7. No Novation. This Amendment is not intended by the parties to be, and shall not be construed to be, a novation of the Credit Agreement or an accord and satisfaction in regard thereto.
8. Costs and Expenses. The Borrower agrees to pay on demand all costs and expenses of the Administrative Agent in connection with the preparation, execution and delivery of this Amendment, including, without limitation, the reasonable fees and out-of-pocket expenses of outside counsel for the Administrative Agent with respect thereto.

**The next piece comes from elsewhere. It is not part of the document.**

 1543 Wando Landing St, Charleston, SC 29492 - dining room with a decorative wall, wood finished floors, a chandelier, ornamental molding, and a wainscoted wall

9. Counterparts. This Amendment may be executed by one or more of the parties hereto in any number of separate counterparts, each of which shall be deemed an original and all of which, taken together, shall be deemed to constitute one and the same instrument. Delivery of an executed counterpart of this Amendment by facsimile transmission or by electronic mail in pdf form shall be as effective as delivery of a manually executed counterpart hereof.

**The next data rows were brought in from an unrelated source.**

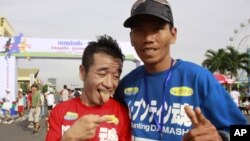 Japanese entertainer Neko Hiroshi, left, poses with Cambodian winner Em Buntin after a half marathon Saturday, June 18, 2011 in Phnom Penh, Cambodia. The Japanese finished second. More than 1,000 Cambodians and foreigners took part in the running, celebra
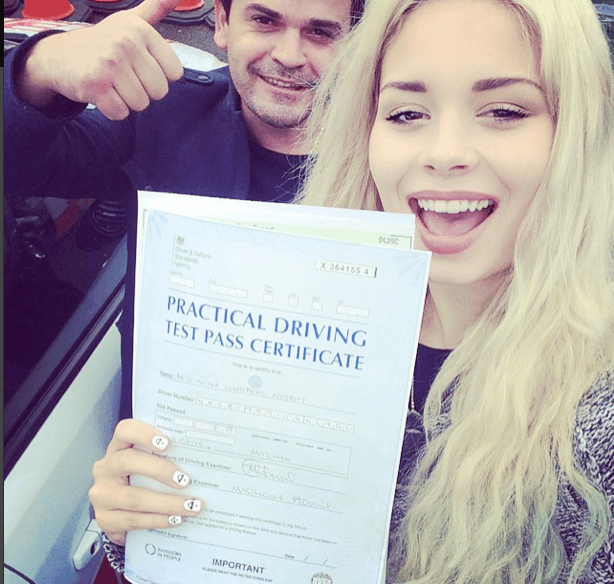 Nina Nesbitt holding practical driving test pass certificate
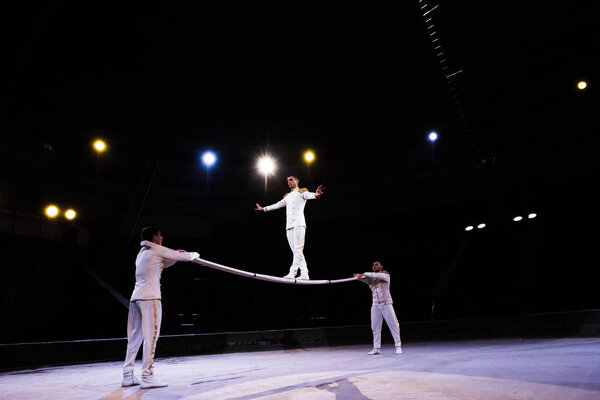 flexible air acrobat balancing on pole near men in circus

10. Binding Nature. This Amendment shall be binding upon and inure to the benefit of the parties hereto, their respective successors, successors-in-titles, and assigns.
11. Entire Understanding. This Amendment sets forth the entire understanding of the parties with respect to the matters set forth herein, and shall supersede any prior negotiations or agreements, whether written or oral, with respect thereto.
(Signatures on following page)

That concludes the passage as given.